ZIMBABWE will resume power imports after electricity generation plunged due to low water levels at Kariba dam.

In March the Zambezi River Authority, which is jointly run by Zambia and Zimbabwe who own the dam, allocated 16 billion cubic metres for power generation from 19 billion cubic meters in 2018.

As a result, electricity generation at Kariba Power Station has been cut to 358MW from the planned average of 542MW.

Energy Minister Joram Gumbo said he will travel to Mozambique to seek electricity imports.

“It is a fact and very well known that the water levels at Kariba have gone very low to the extent that we might not be able to generate power by October if we do not manage our water
well,” Gumbo said in a post-cabinet briefing on Friday.

“Cyclone Idai was very bad for us and for Mozambique as well. But, on the contrary, it also was very good for the Cahora Bassa Dam (located in Mozambique) because the dam is full. So, in the next few days or weeks, I will be making a trip to Mozambique to arrange for increased imports of power from the Cahora Bassa Dam because it is over-spilling.”

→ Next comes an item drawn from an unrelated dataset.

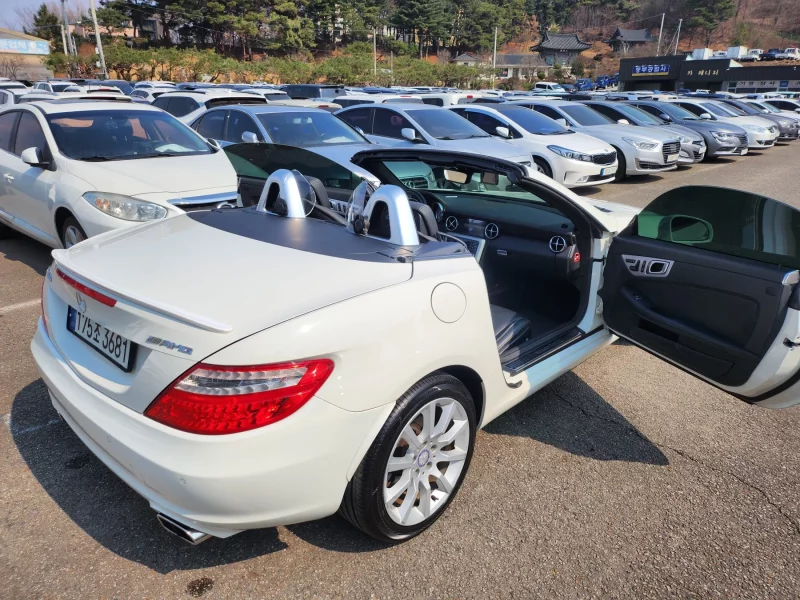 Mercedes-Benz SLK-Class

He said getting the electricity from Mozambique would depend on the availability of foreign currency. Zimbabwe has traditionally imported 50MW from Mozambique.

Cahora Bassa Dam is the largest dam in Mozambique generating most of that country’s power through its power utility company, Hidroeléctrica de Cahora Bassa (HCB).

Zimbabwe which has in the past spent an average of US$5 million a week importing electricity from HCB and South Africa’s, Eskom had reduced power imports by almost 50% by June 2018 due to the good rainfall during the 2017/18 season.

The Zimbabwe Electricity Transmission and Distribution Company has since released a statement urging clients to use power sparingly.

“The Zimbabwe Electricity Transmission and Distribution Company is experiencing increased power shortfalls ie, demand and supply mismatch, due to low water levels at Kariba Power
Station, generation constraints at Hwange Power Station and limited imports. The power shortfall is being managed through load shedding in order to balance the power supply available
and the demand,” reads the statement.

“Every effort is being directed at improving the generation capacity to ensure that supply disruptions are kept at minimum levels. In order to assist in reducing the power demand, customers are encouraged to use the limited available power sparingly, by switching off all non-essential loads. Domestic geysers, swimming pool pumps, Jacuzzis and other related
equipment should be switched off at peak times for more areas to have power.”